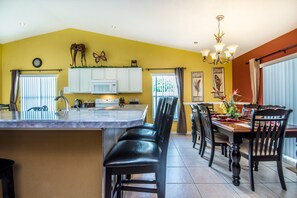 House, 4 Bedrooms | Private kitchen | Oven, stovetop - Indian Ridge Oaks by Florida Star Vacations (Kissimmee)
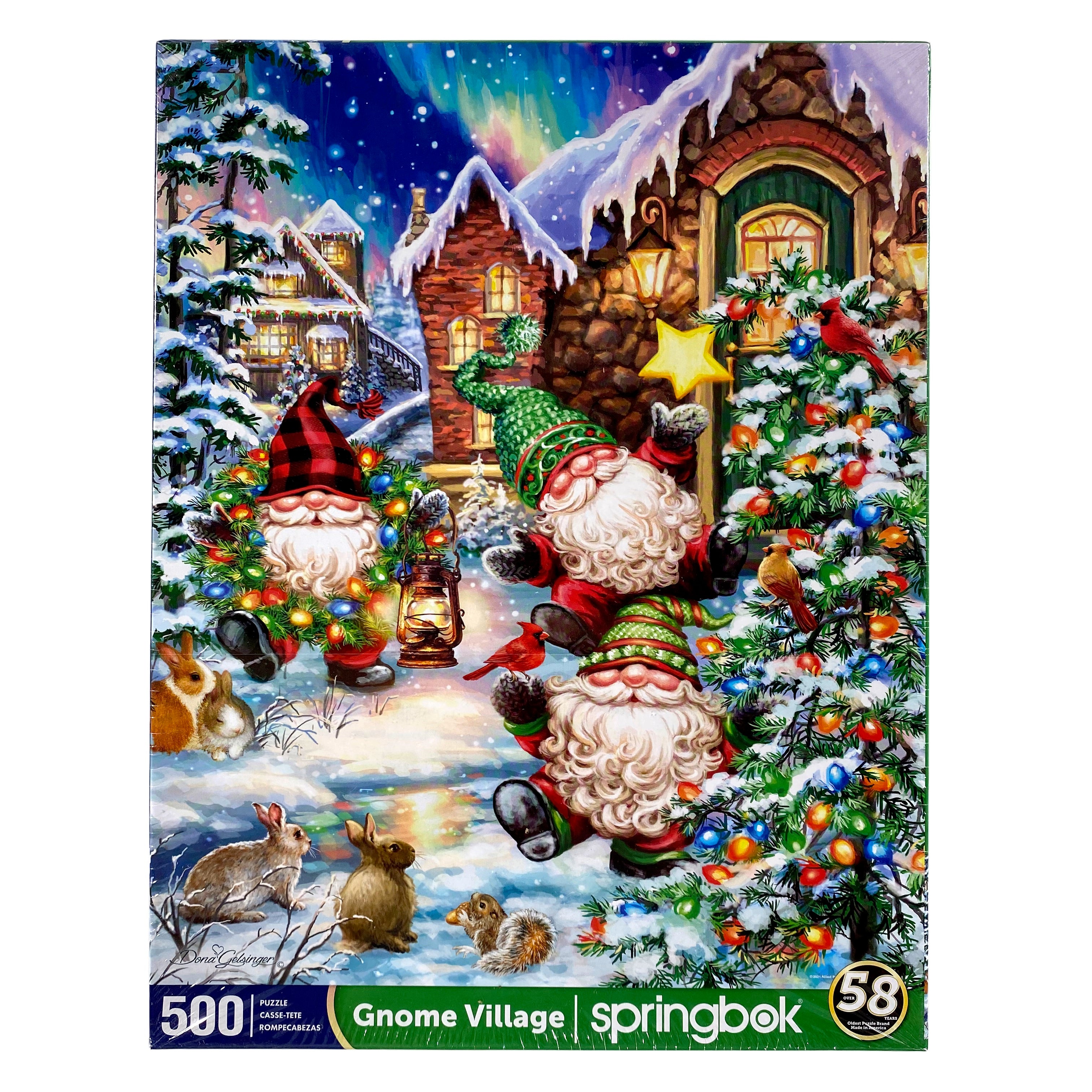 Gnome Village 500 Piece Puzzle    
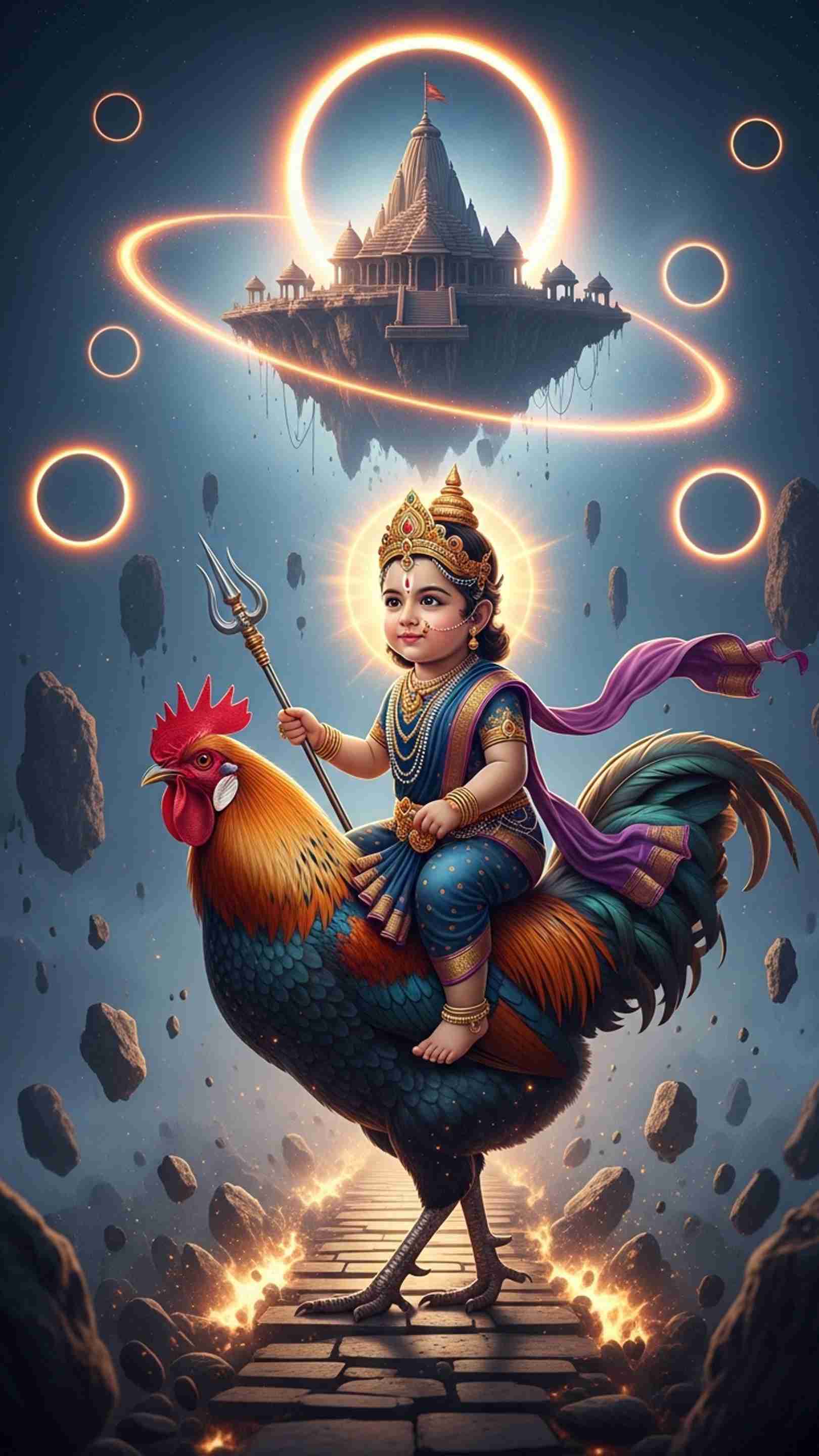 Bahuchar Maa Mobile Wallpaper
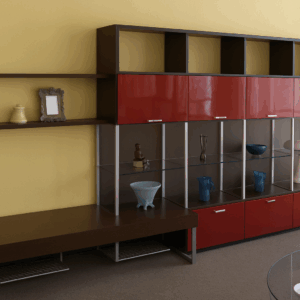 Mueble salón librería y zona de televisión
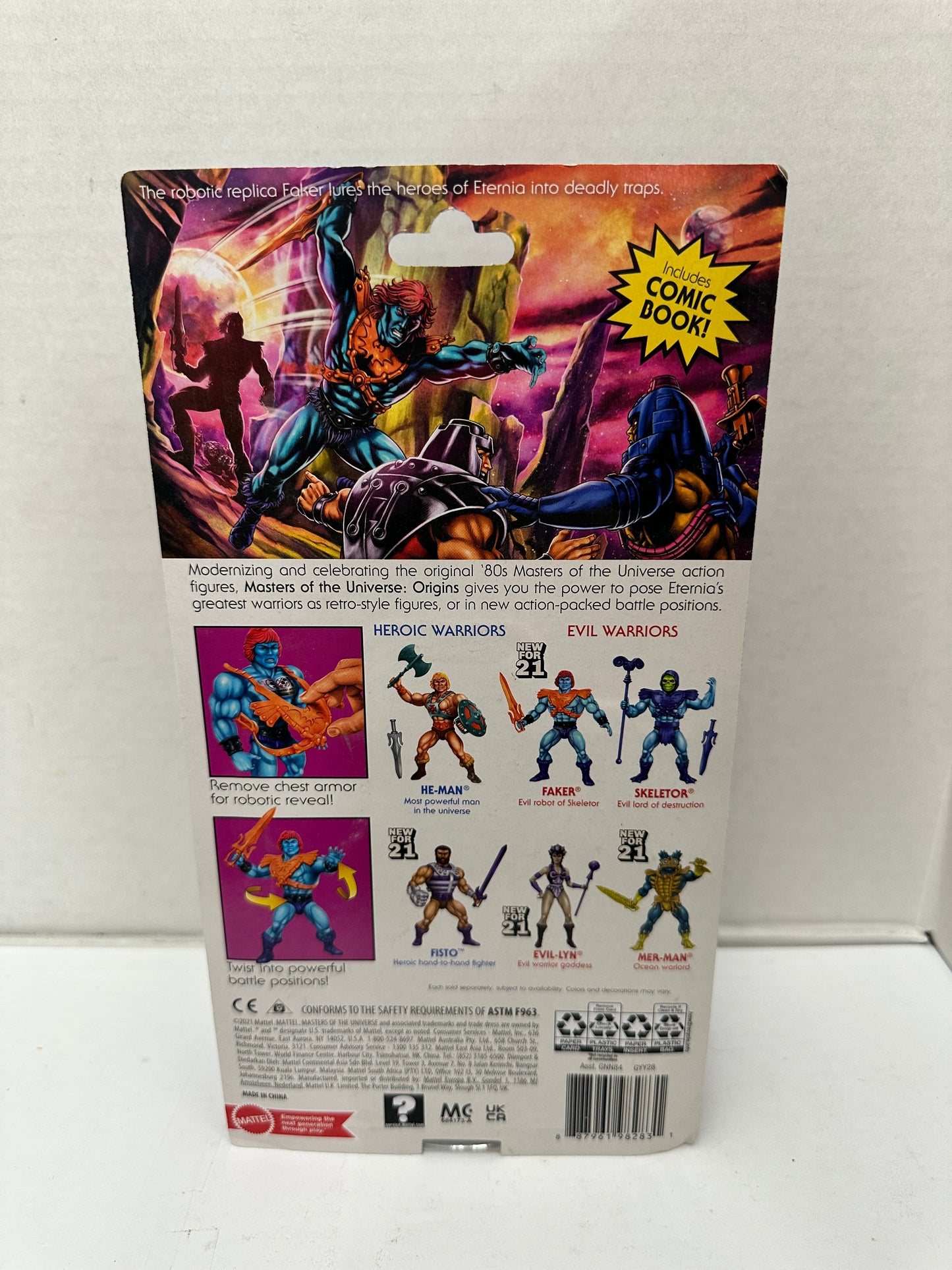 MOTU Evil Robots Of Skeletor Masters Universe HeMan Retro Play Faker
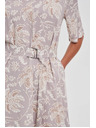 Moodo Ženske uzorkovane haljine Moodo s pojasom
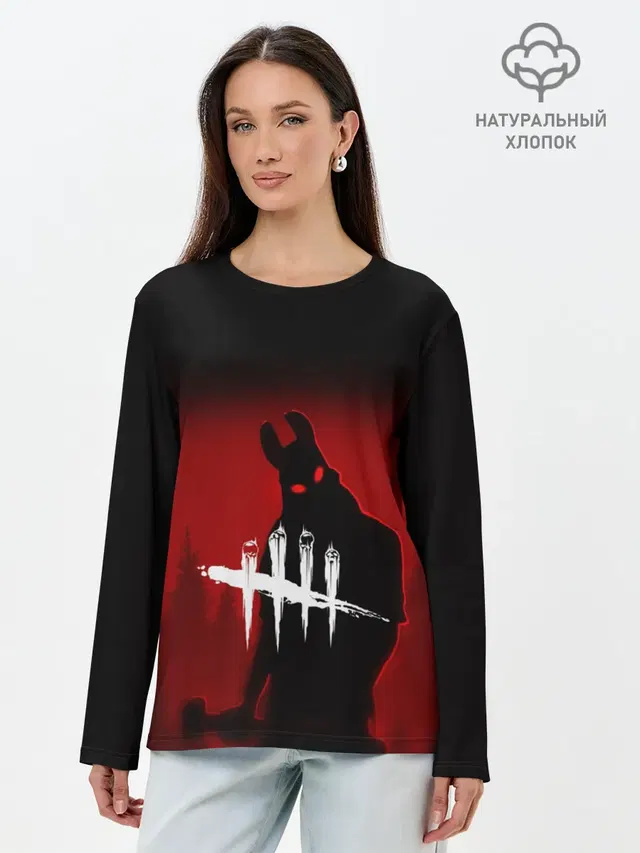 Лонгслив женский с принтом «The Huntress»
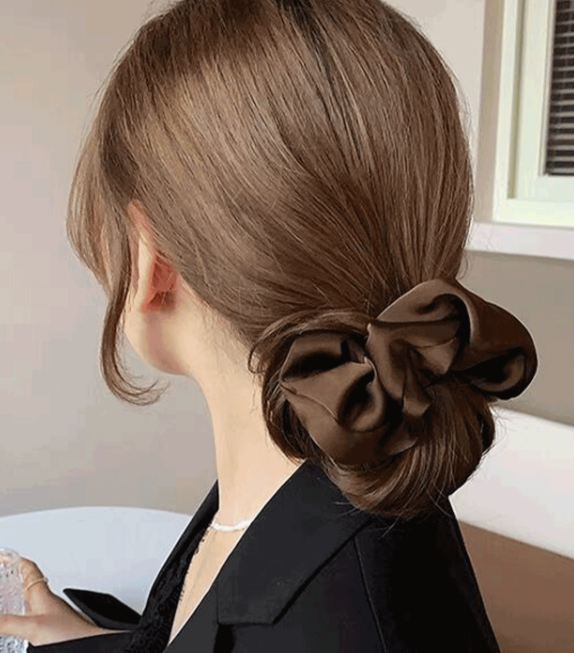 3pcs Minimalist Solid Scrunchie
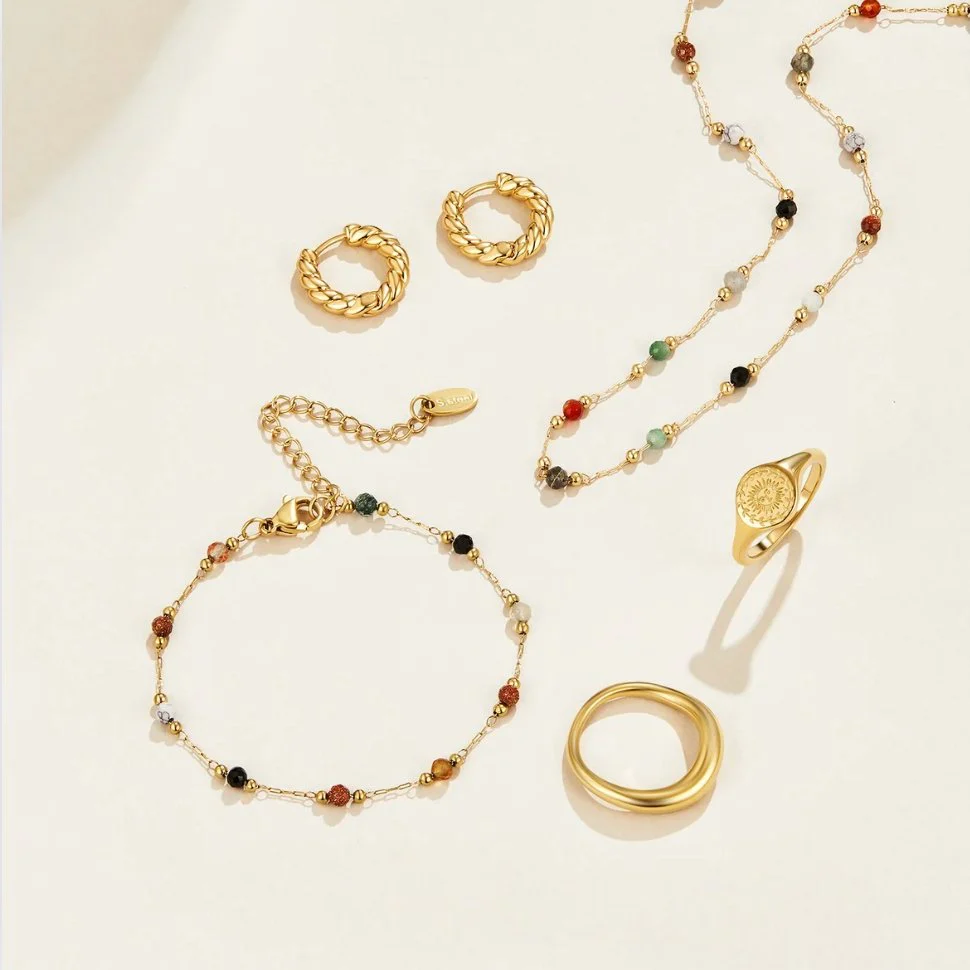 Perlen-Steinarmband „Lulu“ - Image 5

★ ★ ★ ★ ★

Everything from the line with "Mueble salón librería y zona de televisión" through the last line of the listing above is to be copied exactly, both ends included, except the pictures.

 Mueble salón librería y zona de televisión
 MOTU Evil Robots Of Skeletor Masters Universe HeMan Retro Play Faker
 Moodo Ženske uzorkovane haljine Moodo s pojasom
 Лонгслив женский с принтом «The Huntress»
 3pcs Minimalist Solid Scrunchie
 Perlen-Steinarmband „Lulu“ - Image 5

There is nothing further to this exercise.